I always love it when some record from the “Sixties folk music boom” comes on the radio, and one can wallow for three minutes in comically twee clean-cut earnestness: the Kingston Trio, Peter, Paul and Mary, the Brothers Four and all the other college boys pretending to be field-hands. As for the songs, I quoted in my Seeger send-off this trenchant analysis of his lyric style by James Lileks:
‘If I Had A Hammer’? Well, what’s stopping you? Go to the hardware store; they’re about a buck-ninety, tops.
Just so. Anyone can have a hammer, and hammer in the morning, hammer in the evening, hammer out danger, hammer out a warning, hammer out love between one’s brothers and one’s sisters all over the land.
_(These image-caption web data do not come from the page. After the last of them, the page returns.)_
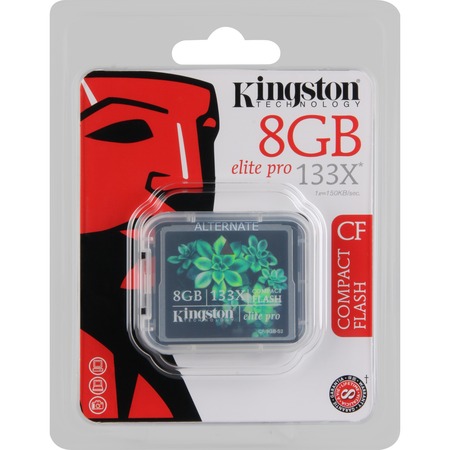 Elite Pro Card 8GB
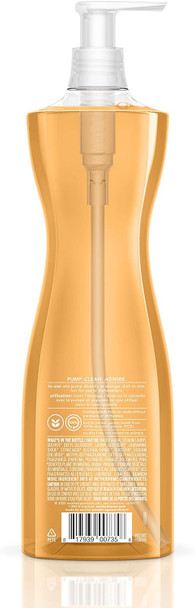 Method Gel Dish Soap Clementine Biodegradable Formula Tough on Grease 18 Fl Oz (Pack of 6)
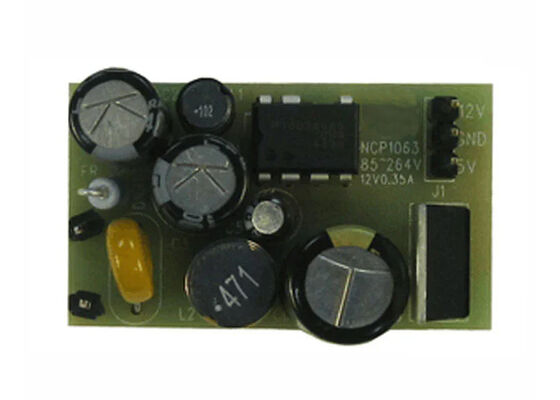 NCP1063BUCKGEVB Embedded Solutions 350mA Non-Isolated Output AC/DC Primary Side Evaluation Board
But, upon reflection, the fact that the thought is idiotic is, I think, the point. If it made sense, it would sound too polished, too written, too Tin Pan Alley. It can’t be easy sitting in your study and writing brand-new “folk” songs when you’re a long way from the cotton fields. So somehow these guys got it into their heads that, if you sounded like a simpleton, it would come over as raw and authentic. I once spoke to a Vegas pal of Bobby Darin’s, who gave an hilarious account of Darin, coming out of his finger-snappy tuxedo phase, and agonizingly re-writing and re-re-writing his “folk anthem” “A Simple Song Of Freedom” because he was worried it was insufficiently simple.
The legacy of this period is less musical than political: half-a-century back, the self-consciously childlike “folk song” met the civil rights movement and helped permanently infantilize the left. I caught an “anti-war” protest in Vermont a few years ago and the entire repertoire was from the Sixties, starting with “Where Have All The Flowers Gone?”, which as a poignant comment on soldiering was relevant in the Great War but has no useful contribution to make in a discussion on Iraq. And, as I observed of Pete Seeger’s visit to the “mass” protest movement of our own time, the more pertinent question with the Occupy Wall Street crowd is “Where have all the showers gone?”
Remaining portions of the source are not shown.